”Non si tratta di stabilire se la guerra sia legittima o se, invece, non lo sia. La vittoria non è possibile. La guerra non è fatta per essere vinta, è fatta per non finire mai.”

George Orwell

Guerra o non guerra? Sembrerebbe essere questo il problema che l’Occidente si sta ponendo negli ultimi due anni a causa di un movimento terroristico medio-orientale, lo Stato Islamico. L’attenzione mediatica e di conseguenza quella di tutti gli occidentali è, quindi, incentrata sul terrorismo e sulle domande ad esso relative: come evitarlo? come contrastarlo all’origine?
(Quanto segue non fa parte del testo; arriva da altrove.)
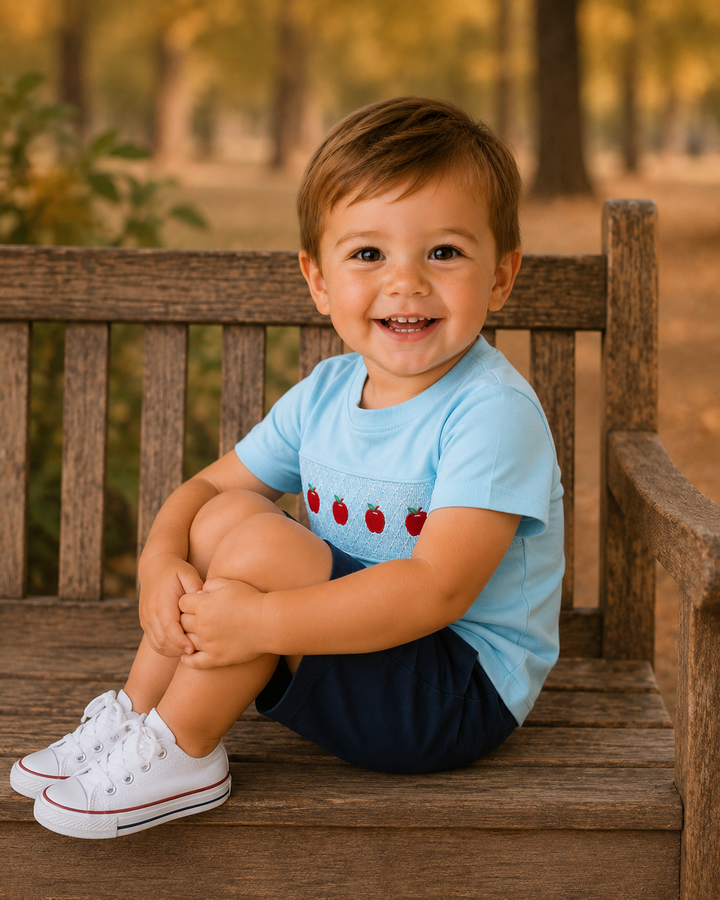 Light blue apple graphic top worn by toddler, short sleeves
da cosa nasce tutto questo odio? Dopo i fatti di Parigi i pareri si moltiplicano giorno per giorno e sempre più nascono nuove tesi talvolta improbabili e inverosimili. Emblematiche a questo proposito le parole pronunciate qualche mese fa dalla candidata alla corsa verso la Casa Bianca Hilary Clinton: “L’ISIS è un prodotto degli Stati Uniti.”

Il pretesto

L’11 settembre 2001 alcuni aerei statunitensi furono dirottati e pilotati fino a impattare contro le Torri Gemelli e il Pentagono. Si contarono quasi 3000 vittime. L’indice di gradimento di Bush, che fino a quel momento era molto basso, si alzò vertiginosamente nei giorni successivi. Tutti gli americani si sentivano sotto la grande ala protettiva del governo e del presidente.
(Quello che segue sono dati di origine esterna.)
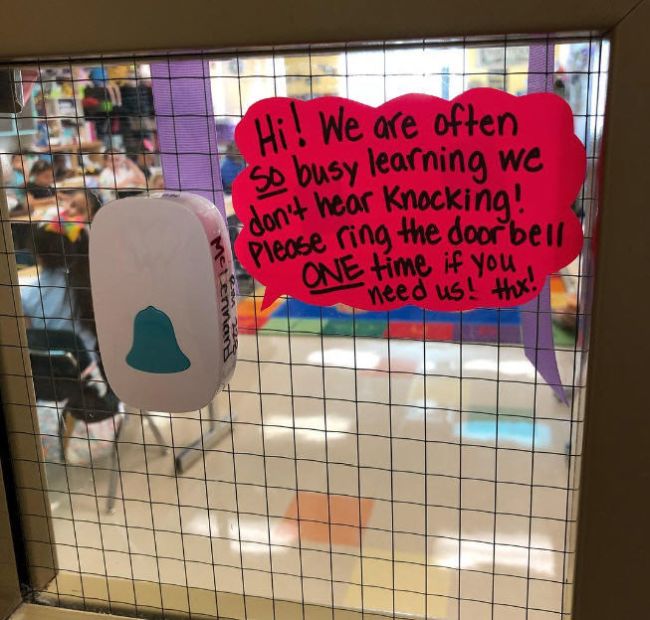 Wireless doorbell remote with sign reading Hi! We are often so busy learning we don't hear knocking. Please ring the doorbell one time if you need us. Thx.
Nei mesi dopo l’attentato, grazie a ricerche effettuate dai servizi segreti inglesi, iniziarono le prime operazioni per “stanare”, termine che usò lo stesso Bush nella campagna mediatica anti-terrorismo, Osama Bin Laden in Afghanistan. Queste azioni, come documentato da diverse testimonianze, furono estremamente lente e poco efficienti.

Erano solo una dimostrazione che qualcosa si stava facendo, che l’America si era proclamata come “difensore” della libertà e della democrazia occidentale.

L’azione

Nei mesi si delineò, soprattutto con la forte ritirata dell’esercito americano dalle operazioni in Afghanistan, un progetto molto più ampio e più complesso, che mirava ad un solo obiettivo che venne raggiunto il 19 marzo 2003: l’invasione dell’Iraq da parte degli Stati Uniti.
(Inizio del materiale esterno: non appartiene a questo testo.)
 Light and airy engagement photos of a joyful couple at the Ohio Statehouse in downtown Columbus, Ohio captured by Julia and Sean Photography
Un paese sovrano, com’era l’Iraq, nel giro di pochi mesi venne messo a ferro e fuoco dalle truppe statunitensi, che distrussero case, infrastrutture e famiglie intere. Dopo aver sfruttato le ingenti riserve di petrolio presenti nei deserti iracheni, gli Stati Uniti si “volatilizzarono” e lasciarono un paese, che fino a poco tempo prima era stato sotto il loro controllo militare, in mano alle centinaia di fazioni che dominavano la scena in medio-oriente, non curandosene minimamente.

Dalla fine delle maggiori operazioni americane, in Iraq iniziò una feroce guerra civile che fece scontrare duramente movimenti estremisti che volevano salire al potere. Tra questi, il meglio organizzato e finanziato era proprio lo Stato Islamico, che era caratterizzato e lo è tutt’ora dall’integralismo religioso.

Ai vertici dello stato islamico vi sono ancora adesso gli amministratori militari del governo di Saddam Hussein, che, dopo la sua caduta, si riorganizzarono. Le radici dello stato islamico, quindi, sono molto più profonde e complesse di quanto si possa credere. Si potrebbe definire il movimento una vendetta, una vendetta nei confronti dei torti subiti dall’Occidente. Difficile è arrivare ad una conclusione. Alcuni preferiscono scegliere la via diplomatica per evitare un conflitto armato. Gli oppositori replicano che l’ISIS non è uno stato riconosciuto dalle Nazioni Unite e sostengono la guerra, il conflitto armato, le bombe, i morti, eserciti di fanteria. Quest’ultimi dovrebbero riflettere la citazione di Orwell: la guerra è fatta per non finire mai.

È così. Qualsiasi guerra sia stata iniziata nell’ultimo secolo non è ancora del tutto conclusa. Gli scenari più evidenti sono il Vietnam, dove la presenza degli Stati Uniti è ancora imponente, l’Afghanistan e lo stesso Iraq. Imbastire una nuova guerra porterebbe solo altra instabilità in una zona che è già devastata dalle guerre civili.